Exposure to two to four times the gentamicin MIC led to the emergence of stable S. epidermidis SCVs, and the ability to produce SCVs was strain dependent. These variants were isogenic by PFGE and less immunogenic by western blotting, and SDS-PAGE analysis of whole cell preparations and cell wall fractions showed altered protein profiles when compared to wild type strains.
S epidermidis SCVs were resistant to aminoglycosides such as amikacin and/or netilmicin and they were thiamine and/or menadione auxotrophs. Chemiluminescence assays showed a decreased ATP content reflecting the deficiency in electron transport systems which results in a growth rate – all characteristics similar to those of S. aureus SCVs.
Analysis of virulence factor production indicated that S. epidermidis SCVs showed increased lipolytic and proteolytic activity when compared to those of S. aureus. Some S. epidermidis SCVs showed phase variation in exopolysaccharide production which enabled them to be more adherent to uncoated plastic -a property that may also be important for the later stages of development of biofilms.
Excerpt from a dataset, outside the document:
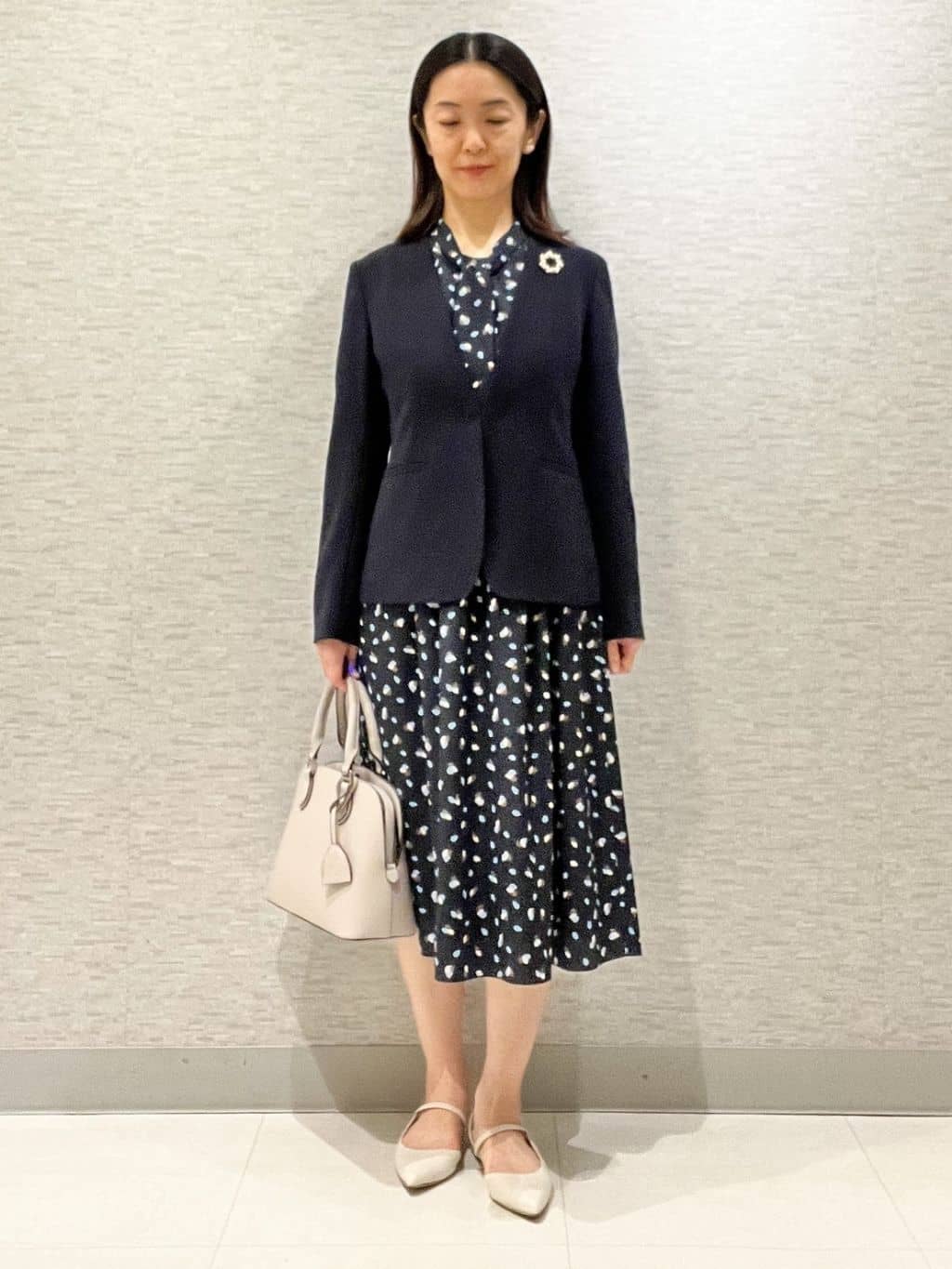marikoさんの「Reflect｜【SS-4Lサイズ／通勤／セットアップ可】ノーカラージャケット」を使ったコーディネート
Invasion assays demonstrated that some S. epidermidis and S. aureus SCVs were internalised by HUVECs by a receptor-mediated mechanism which differed from that of the wild type strains. Interaction of staphylococci with HUVECs induced cytokine production but SCVs stimulated production of IL1, IL-6 and IL-8 at lower concentrations than their related wild type parents in the first 6 hours of co-incubation. SCVs were also less damaging to the HUVEC cell line after 24 hours when compared to wild type strains.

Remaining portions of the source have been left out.